Especially in the context of "evaluating the performance of something".
Let's expand this a little to make it even more evident: if the task was "make a paragraph of 100 words using only 5 letter words" and an AI couldn't produce anything at all, whereas another came up with a paragraph of 100 words, except a couple of them had 6 or 4 letters, it would make absolutely no sense to rate the first as "better" than the second in performing the task.
As for understanding the task, the latter exhibits an understanding of it (since it produced a paragraph, and most of the words it used filled the criteria, which wouldn't happen if it chose them randomly), it just made a couple of mistakes (the kind of humans could easily make too in such a task). For the former we can't even be sure if it even understood the task at all.
We don't rate humans that way on performing tasks either (if they got it less than perfect it's worse than not doing it at all). Even math tests at the university level consider the approach and any partial results in the right direction, don't just mark it 0 if there's an error, nor give a higher mark to students who didn't produce anything.
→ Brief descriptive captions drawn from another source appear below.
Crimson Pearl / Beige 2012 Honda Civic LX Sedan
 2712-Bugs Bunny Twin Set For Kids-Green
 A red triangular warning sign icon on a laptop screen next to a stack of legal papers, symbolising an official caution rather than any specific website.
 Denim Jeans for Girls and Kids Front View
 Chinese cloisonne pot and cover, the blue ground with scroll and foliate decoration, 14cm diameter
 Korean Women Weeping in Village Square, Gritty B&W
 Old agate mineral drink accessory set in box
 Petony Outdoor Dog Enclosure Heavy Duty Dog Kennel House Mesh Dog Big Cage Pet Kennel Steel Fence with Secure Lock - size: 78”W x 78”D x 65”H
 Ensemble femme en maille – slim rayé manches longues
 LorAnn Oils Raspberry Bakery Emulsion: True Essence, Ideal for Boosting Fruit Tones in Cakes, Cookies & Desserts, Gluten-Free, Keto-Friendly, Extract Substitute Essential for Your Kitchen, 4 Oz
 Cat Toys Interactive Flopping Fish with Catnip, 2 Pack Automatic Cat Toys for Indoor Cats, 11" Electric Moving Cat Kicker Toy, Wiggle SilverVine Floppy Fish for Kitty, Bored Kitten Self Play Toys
The are many contexts in which correctness is important. In such contexts, an incorrect answer is often worse than an explicit non-answer.
>We don't rate humans that way on performing tasks either (if they got it less than perfect it's worse than not doing it at all). Even math tests at the university
Standardized tests often rate incorrect answers worse than non-answers, though yes a university maths test in particular isn't likely to be that sort of test.